HOW TO COMPLETE THIS TASK —
No pictures, no extra lines: copy exactly from the line with "Corfe Castle, Dorset, UK." through the end of the entries.

MATERIAL FOR THE TASK —
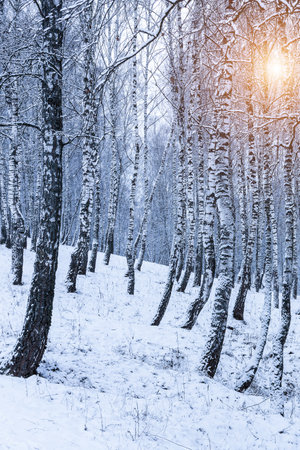 Birch grove after a snowfall on a winter cloudy day. Sunlight breaking through the branches. Birch branches covered with stuck snow.の写真素材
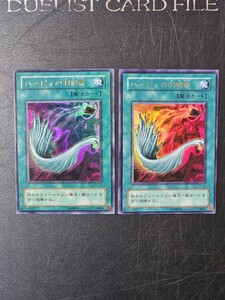 遊戯王　ハーピィの羽根帚　P5-02 ウルトラ　2枚セット　遊戯王デュエルモンスターズ　KONAMI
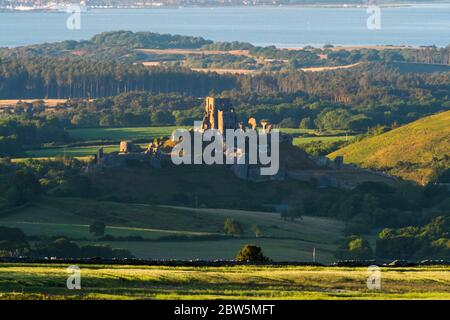 Corfe Castle, Dorset, UK.  29th May 2020.  UK Weather.  The view from Swyre Head of the ruins of Corfe Castle in Dorset illuminated by late afternoon sunshine at the end of a warm sunny day with clear skies with Poole Bay in the distance.  Picture Credit: Graham Hunt/Ģ����ý Live News Stock Photo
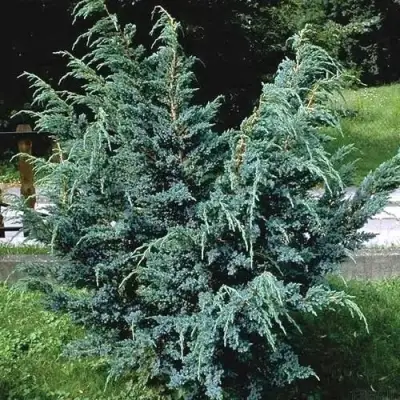 Можжевельник БЛЮ АЛЬПС китайский  в Жлобине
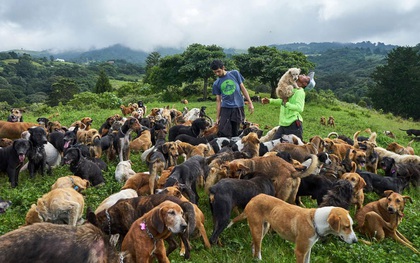 "Thiên đường" của hơn 900 chú chó hoang: Địa điểm hội yêu chó nhất định sẽ thích mê khi ghé thăm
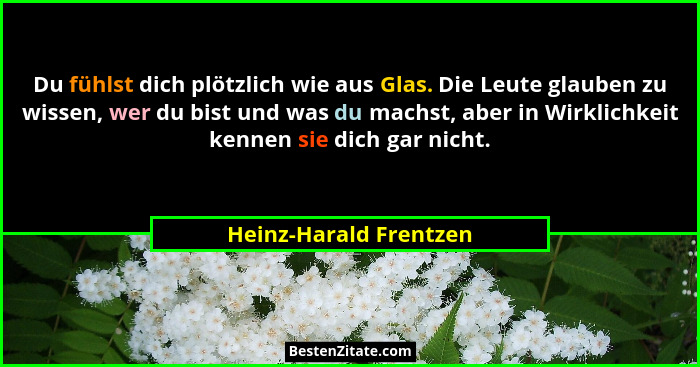 Du fühlst dich plötzlich wie aus Glas. Die Leute glauben zu wissen, wer du bist und was du machst, aber in Wirklichkeit kennen... - Heinz-Harald Frentzen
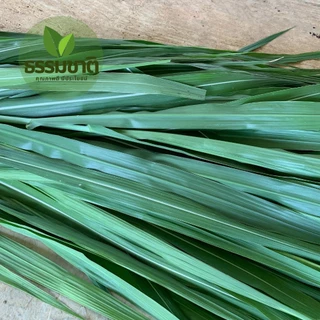 1 กก. หญ้าเนเปียร์สด ปลอดสาร สำหรับเต่า คาปิบาร่า ตัดสดใหม่ ส่งทุกวัน (หญ้าเหลือง เคลมได้ทุกกรณี ทักแชทก่อนรีวิวครับ)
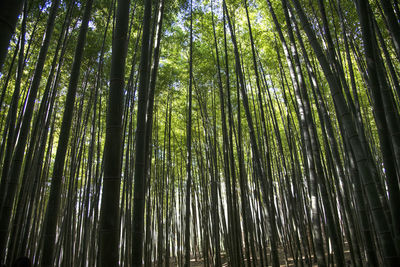 Low angle view of bamboo trees in forest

YOUR RESPONSE —
 Corfe Castle, Dorset, UK.  29th May 2020.  UK Weather.  The view from Swyre Head of the ruins of Corfe Castle in Dorset illuminated by late afternoon sunshine at the end of a warm sunny day with clear skies with Poole Bay in the distance.  Picture Credit: Graham Hunt/Ģ����ý Live News Stock Photo
 Можжевельник БЛЮ АЛЬПС китайский  в Жлобине
 "Thiên đường" của hơn 900 chú chó hoang: Địa điểm hội yêu chó nhất định sẽ thích mê khi ghé thăm
 Du fühlst dich plötzlich wie aus Glas. Die Leute glauben zu wissen, wer du bist und was du machst, aber in Wirklichkeit kennen... - Heinz-Harald Frentzen
 1 กก. หญ้าเนเปียร์สด ปลอดสาร สำหรับเต่า คาปิบาร่า ตัดสดใหม่ ส่งทุกวัน (หญ้าเหลือง เคลมได้ทุกกรณี ทักแชทก่อนรีวิวครับ)
 Low angle view of bamboo trees in forest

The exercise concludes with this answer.